Researchers from MIT’s Media Lab have invented a hobbyist’s dream: SensorTape, a modular and programmable 3D-aware sensor network found entirely on a piece of tape. The invention has the potential to be used in a wide range of applications, like wearables and home sensing, and requires little effort on the hobbyist’s part.
SensorTape created by MIT’s Media Lab. (Image Credit: MIT Media Lab / YouTube)
SensorTape is comprised of interconnected and programmable sensor nodes that are laid on a flexible electronics substrate. It’s manufactured in a similar way to that of LED lighting strips, and can cost up to about $200 per meter. However, instead of using LEDs, the tape uses repeated patterns of circuits rolled onto tape.
In the video above, uploaded by Artem Dementyev, one of the authors on the paper, the team demonstrates how SensorTape can be applied to a user’s shirt to monitor posture, act as a 3D ruler, a proximity sensor, or be used in interactive table applications.
The MIT team developed the network to automatically determine the location of each sensor node whenever a piece of SensorTape is cut and rejoined. Just like ordinary Scotch Tape, SensorTape is flexible (composed of flexible electronics) and can be snipped and then put back together in different ways to create a linear or 2D surface. Since it’s a modular device, different functionalities can be joined together.

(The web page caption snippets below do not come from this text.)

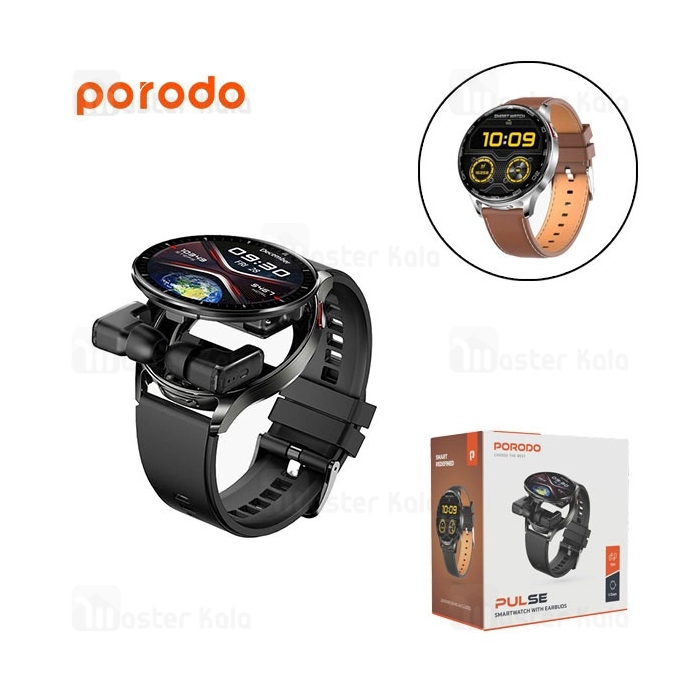 ساعت هوشمند و هندزفری بلوتوث پرودو Porodo Pulse Smartwatch With Earbuds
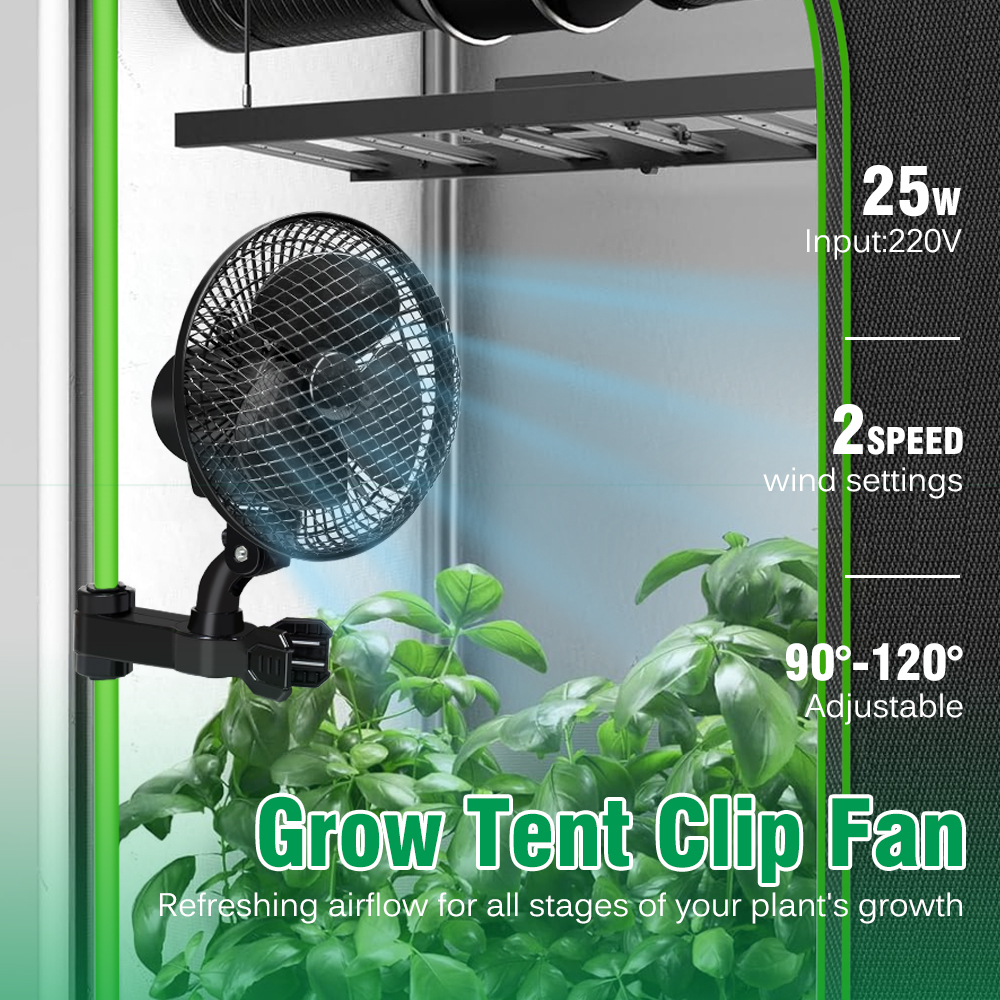 Plant Tent Cooling Clip-On-Ven – Oscillating Fan Clip Bewertung und Preis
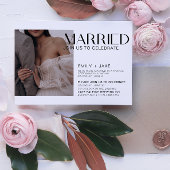 Modernes Verheiratetes 4-Foto Hochzeitsempfang Par Einladung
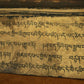 Qing Dynasty Ancient Sutra Scripture Mulberry Wood Tibetan Ritual Item Antique Pure Tibetan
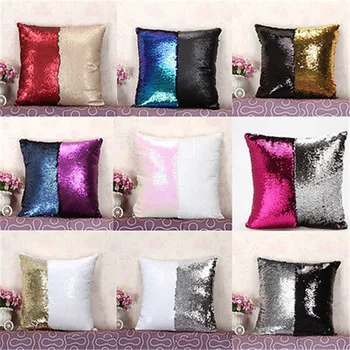 

New Mermaid Sequins Pillow Case Magical Color Change Home Decorative Pillowcase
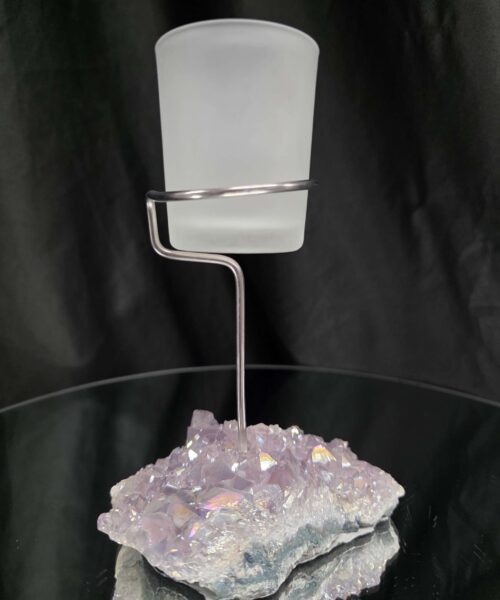 Premium A Grade Angel Aura No. 2 Cluster Druzy Candle / 1 Cup Tealight Holder 471g H18xW12xW8cm - Image 16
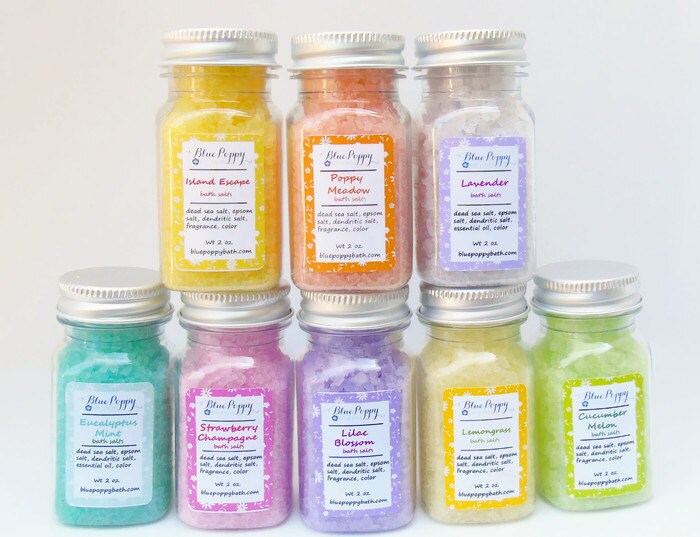 10 Bath Salt Favors Bridal Shower Favors Mini Bath Salts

The team created algorithms for the tape’s reconstruction using IMUs which allow it to be used in many motion-related applications. For now, the MIT Media Lab is using existing conductive inkjet and flexible electronics technologies to create the rolls of tape.
In the course of its user study, the team found that SensorTape allowed users with different skill sets to create and program large sensor network arrays. In their paper, the group describes what it found to be the most common uses among subjects.
“In the user study, we found that most participants saw the SensorTape as a wearable device that is easy to customize. This was unexpected, since we originally envisioned it as something that is placed on objects or in the environment. Furthermore, the users suggested that SensorTape feels like material for arts and crafts, as it can be changed by cutting and joining. We believe that this project provides groundwork for future materials, which are very technologically sophisticated, and yet can be manipulated as a traditional tape or fabric.”